-- Task inputs --
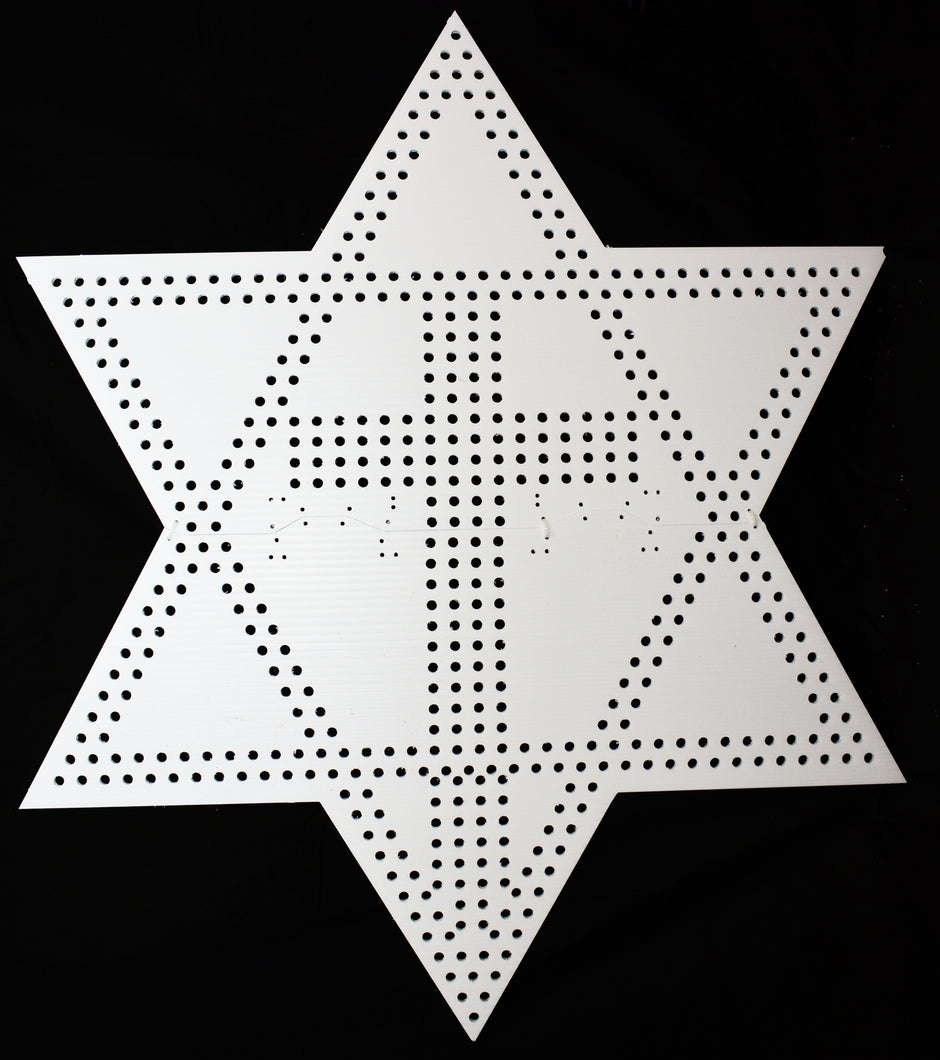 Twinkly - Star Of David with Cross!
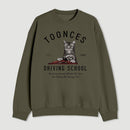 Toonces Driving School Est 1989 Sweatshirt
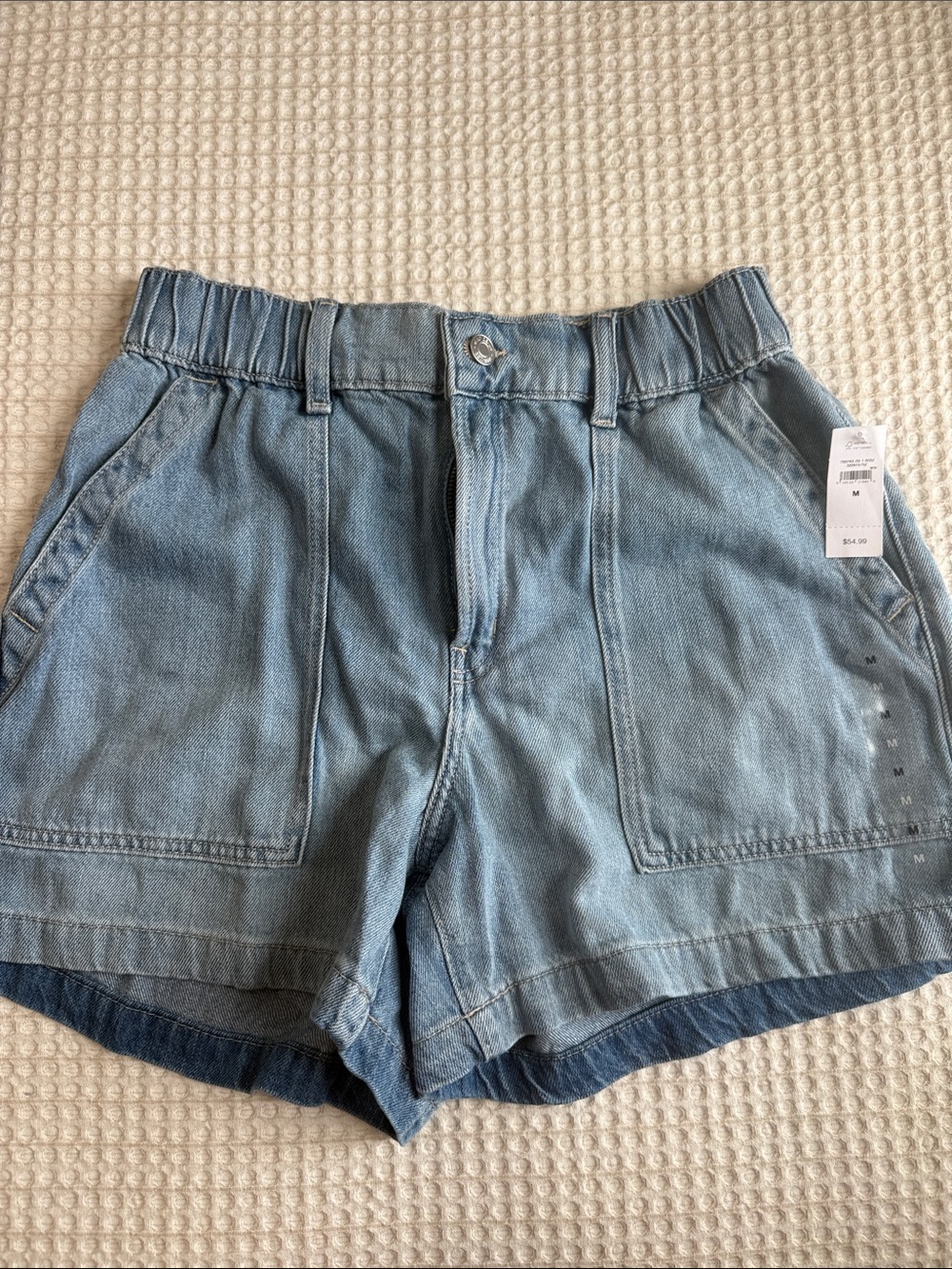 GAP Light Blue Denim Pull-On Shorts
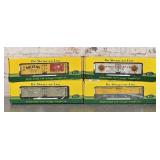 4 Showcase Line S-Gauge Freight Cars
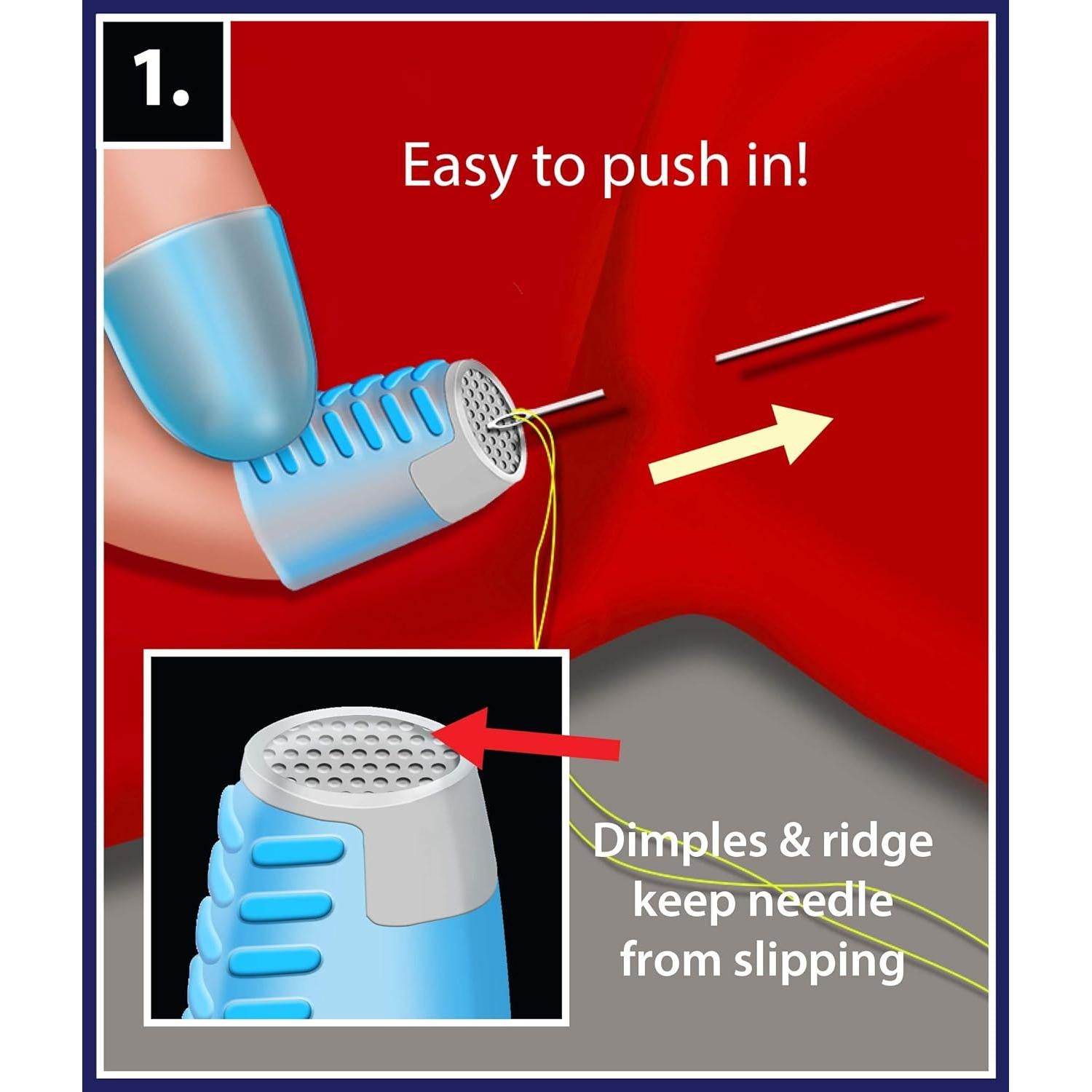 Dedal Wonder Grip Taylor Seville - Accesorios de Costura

-- Problem statement --
Copy exactly the lines from the line containing "GAP Light Blue Denim Pull-On Shorts" through the last line of the records, both included, and omit every picture.

-- Answer below --
 GAP Light Blue Denim Pull-On Shorts
 4 Showcase Line S-Gauge Freight Cars
 Dedal Wonder Grip Taylor Seville - Accesorios de Costura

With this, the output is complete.